REPUBLIKA.CO.ID,JAKARTA -- Peneliti Indonesia Public Institute Karyono Wibowo mengatakan islah Partai Golkar sulit dilakukan apabila kedua kubu yang berseteru saling memaksakan kehendak sehingga perlu ada kejernihan berpikir dan kebesaran jiwa dari kedua kubu untuk menyelamatkan partai. "Menurut saya, ada hambatan krusial dalam melakukan islah, yaitu sulitnya mengkompromikan kepentingan kedua kubu. Maka untuk menyelesaikannya perlu dicari akar masalahnnya," kata Karyono Wibowo melalui pesan elektronik di Jakarta, Kamis.
Menurut Karyono, terdapat sejumlah akar masalah yang menjadi penyebab konflik di Partai Golkar. Salah satunya adalah faktor eksistensi dan ketidakpuasan atas kepemimpinan Aburizal Bakrie. Namun, kata Karyono, akar masalah yang mendasar sebenarnya sudah bisa dianalisis, yaitu adanya perbedaan pendapat dan kepentingan di antara kedua kubu. "Kubu Munas Ancol menginginkan Golkar tetap mendukung pemerintah, sedangkan kubu Munas Bali menginginkan Golkar berada di luar pemerintahan dan menjadi oposisi. Itu adalah masalah mendasar yang harus dimusyawarahkan secara jernih," tuturnya.

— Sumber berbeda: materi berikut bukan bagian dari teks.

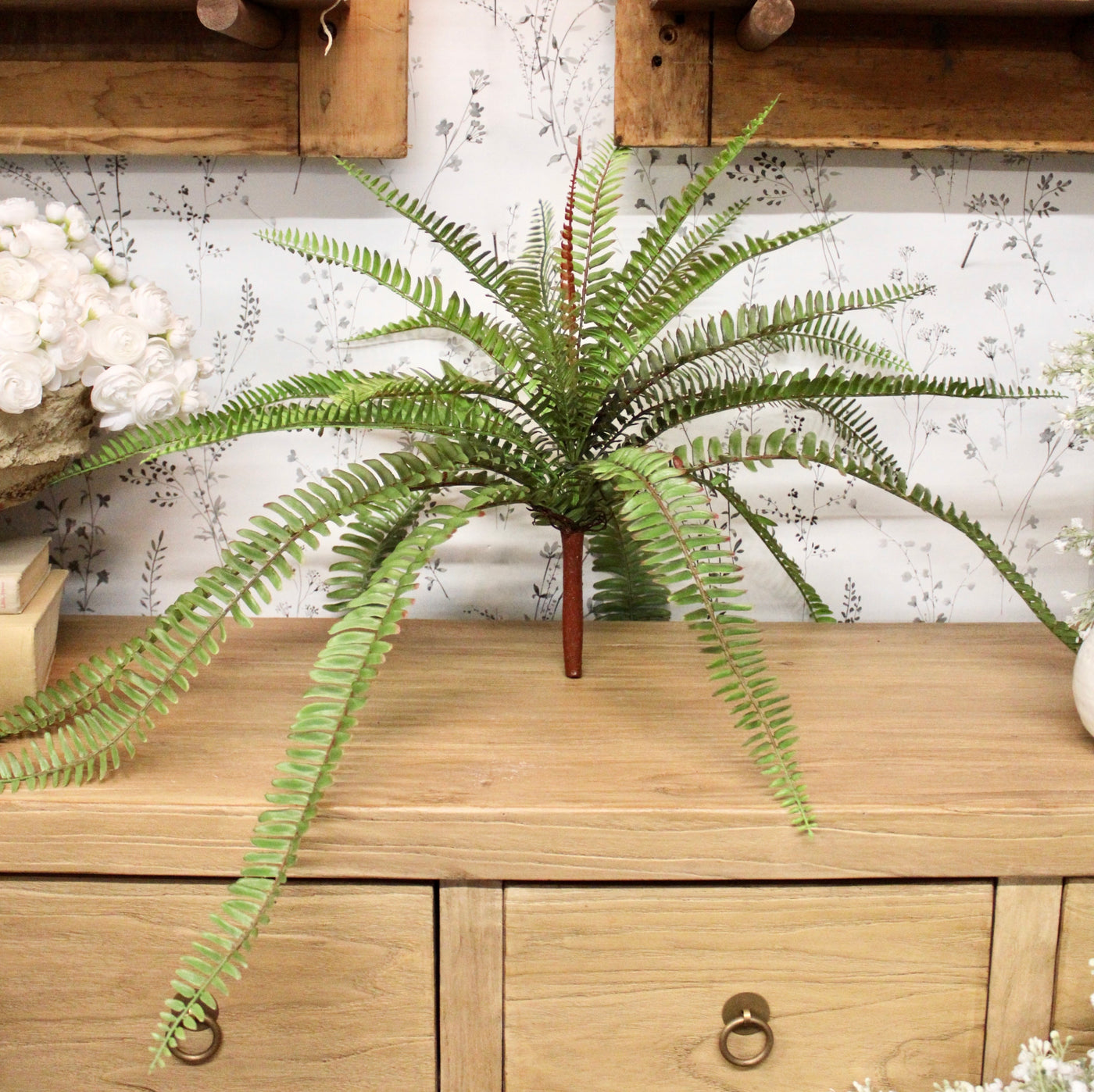 Sword Fern Bush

Upaya untuk mencari solusi mengenai perbedaan pendapat dan kepentingan antara kedua belah pihak itu Karyono menilai merupakan tantangan bagi Partai Golkar untuk bisa bersatu kembali atau tetap terbelah. Terkait keputusan Menteri Hukum dan Hak Asasi Manusia Yassona Laoly yang tidak mengesahkan salah satu pihak yang berseteru, Karyono menilai hal itu sebagai langkah untuk mencari aman.
"Kemenkumham mengembalikan masalah tersebut ke internal partai secara politik memang paling aman bagi pemerintah dibanding harus mengesahkan salah satu pihak," kata Karyono.
Dengan keputusan itu, Karyono mengatakan di tubuh Partai Golkar tetap tersimpan bara api yang bisa membakar partai berlambang beringin itu apabila tidak segera dipadamkan. "Karena itu, untuk menyelamatkan partai yang pernah berjaya di masa Orde Baru itu harus ada islah di antara kedua kubu," katanya.